3. To examine the relations among the underlying processes themselves. The processes examined in the present research come from a variety of levels and modes of assessment, ranging from elementary inhibitory control through Behavioral Inhibition System functioning assessed via psychophysiology. Although each task and measure is related to substance use and has been designed to assess one of the two hypothetical systems, these tasks have not been examined together previously.

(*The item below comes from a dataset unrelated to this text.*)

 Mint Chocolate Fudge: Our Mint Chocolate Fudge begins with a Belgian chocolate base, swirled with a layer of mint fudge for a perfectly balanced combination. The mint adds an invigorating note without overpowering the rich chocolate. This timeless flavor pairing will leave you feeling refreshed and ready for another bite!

| Project 4: Targeting individuals with biologically-based predispositions to engage in risky behavior | Abstract: Interventions to prevent or reduce substance use or abuse among young adults are few and generally not effective. This is unfortunate, as young adults are among the most frequent users of a variety of substances, including marijuana, alcohol, and various illicit substances. Most substance abuse preventive interventions have largely ignored biologically-based predispositions that lead individuals both to engage in risky behaviors including substance use and to attend and respond to certain kinds of intervention messages. This project builds on our previous work using sensation seeking to target and tailor messages aimed at reducing substance use and risky sexual behavior. Specifically, building on emerging research from the Center, we decompose sensation seeking into its component parts of reward-seeking and inhibition. Drawing on recent advances in message targeting and tailoring, we move beyond our previous work on message sensation value to include consideration of the influence of message framing and fear on message effectiveness. The present proposal offers and tests a general model of message effectiveness that considers the interaction between individual differences (i.e., reward seeking and inhibition) and message characteristics (i.e., message sensation value, framing, and fear). The model is tested in three studies using public service announcements (PSA), an intervention mode with which our team has extensive experience.

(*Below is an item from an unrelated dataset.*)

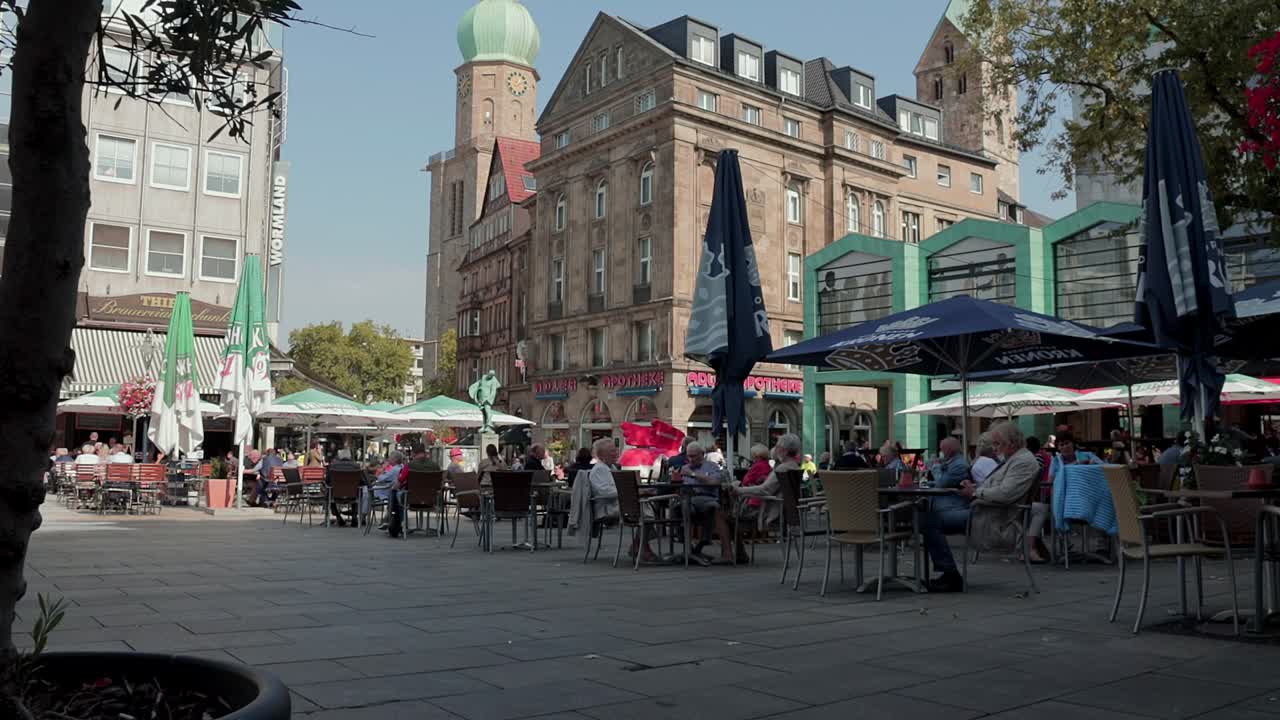 Normal life at old market square Dortmund Germany tilt up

There are four specific aims: 1) To examine the persuasive effects of high vs. low sensation value (HSV vs. LSV) substance abuse prevention messages on young adults varying in reward seeking and inhibition;
2) To examine the persuasive effects of two emotion-based dimensions of substance abuse messages: message framing (gain vs. loss-framed [GF vs. LF]) and fear (high vs. low threat [HT vs. LT]) on young adults varying in their levels of reward seeking and inhibition.; 3) To assess the extent to which the differential persuasive effects of HSV vs. LSV, GF vs. LF, and LT vs. HT substance abuse prevention messages generalize to another high-risk behavior, risky sex; and 4) Develop and pilot-test the effectiveness of substance abuse prevention public service announcements (PSAs) with young adults who are either high in reward seeking, low in inhibition, or both. We propose to accomplish these aims through three studies. The first examines the impact of message sensation value, framing, and fear on message effectiveness for PSAs aimed at reducing marijuana use as a function of reward seeking and inhibition; the second tests the boundaries of our model using PSAs aimed at reducing risky sexual behavior; the third begins the process of designing optimally effective PSAs based on previous results. Outcomes from the experiments and qualitative studies proposed in this project may be immediately applied to an established body of work, both ours and others, in the development of PSAs that are targeted at the reduction of marijuana use.